Among the things that never fail to surprise casino authorities are the creative ways in which players cheat when playing games. One of the most notable of recent cases is that of Radoslav Skubnik.

In June 2016, a Singapore court sentenced Skubnik to 22 months in prison after he was found guilty for cheating at slot machines using smartphone technology. Skubnik, along with Andrei Egorov and Vladislav Logachev, was nabbed by authorities after cheating at Singapore’s Marina Bay Sands and Resorts World Sentosa casinos.

Cheating with Smartphones

According to Deputy Public Prosecutor Jordon Li, the Russian syndicate focused on slot machines produced by certain developers. The syndicate would send a team comprised of a leader known as the Master, and several Players.

The team would then use smartphones to record the screens of slots being played. The Master then sent the recorded information to a server, which would decode the play patterns and predict when next the slot would make a big payout.

The decoded data would then be sent back to the Master, who would then pass it on to the Players. The Players would then target the relevant slot machines and win.

The Players would each receive 10 per cent of the winnings, and the Master would then receive 5 per cent of what each player received. The balance would be handed over to the syndicate.

What Happened in Singapore

In April 2016, Skubnik was contacted by Logachev, and told to travel to Singapore with the smartphones.

Skubnik, Logachev, and Egorov landed in Singapore on 5 May, and promptly got to work.
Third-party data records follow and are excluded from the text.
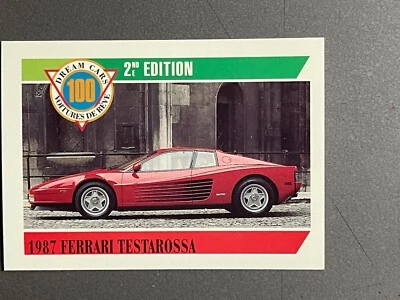 1987 Ferrari Testarossa Coupe Traumautos 2. Ausgabe Sammelkarte RAR!! Nr. 96 - Bild 1 von 2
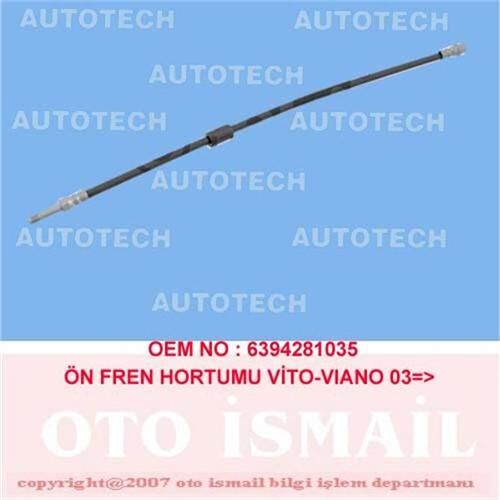 FREN HORTUMU ON MERCEDES VITO W639 03> 5 Adet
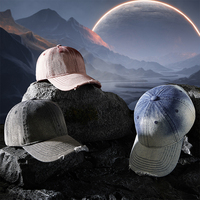 Gorra de Béisbol Vaquera con Orificios y Degradado Personalizada con Logotipo, Gorra Casual para Protección Solar para Hombres y Mujeres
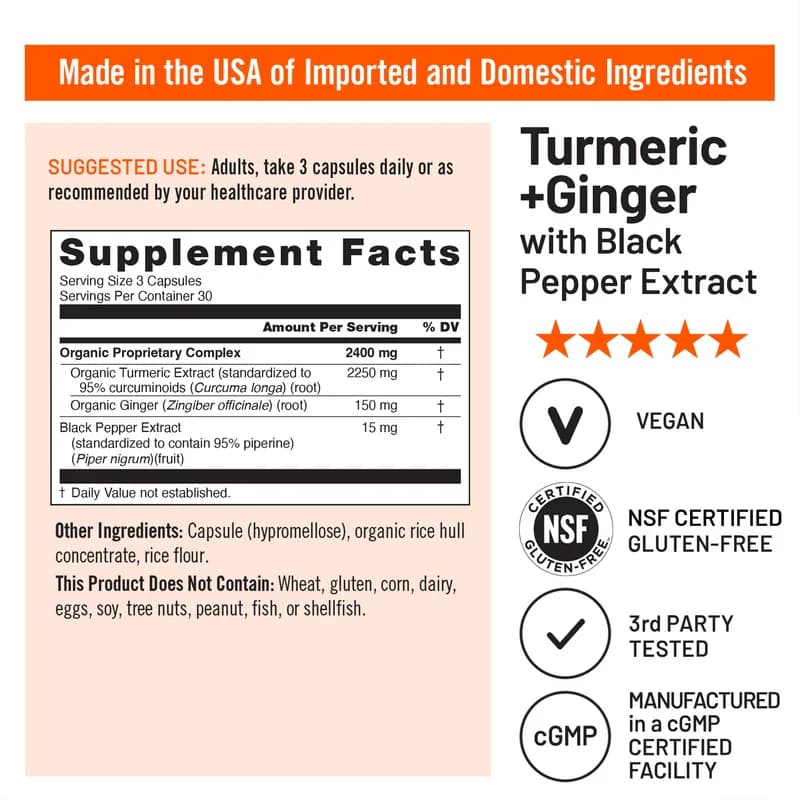 NatureWise Turmeric + Ginger 2400mg Capsules Price in Pakistan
They travelled to Resorts World Sentosa, recorded slot machines, sent the information to the server, and received the decoded information on the same day.

That evening, Skubnik returned to the casino, and promptly won US$6402. He visited the casino again over the next two days, and won US$13 352.

However, his luck ran out on 7 May. Something went wrong, and the syndicate’s clever smartphone cheating technology failed to do what it was supposed to do. Instead of winning, Skubnik lost US$783.

The police were alerted that something was amiss, and they swooped in on Skubnik. The police managed to recover almost US$120 000 in winnings.

The cheat pleaded guilty to the three charges brought against him under the Casino Control Act.

Thankfully, the best online casino games use certified random number generators and quality software, making it virtually impossible to cheat.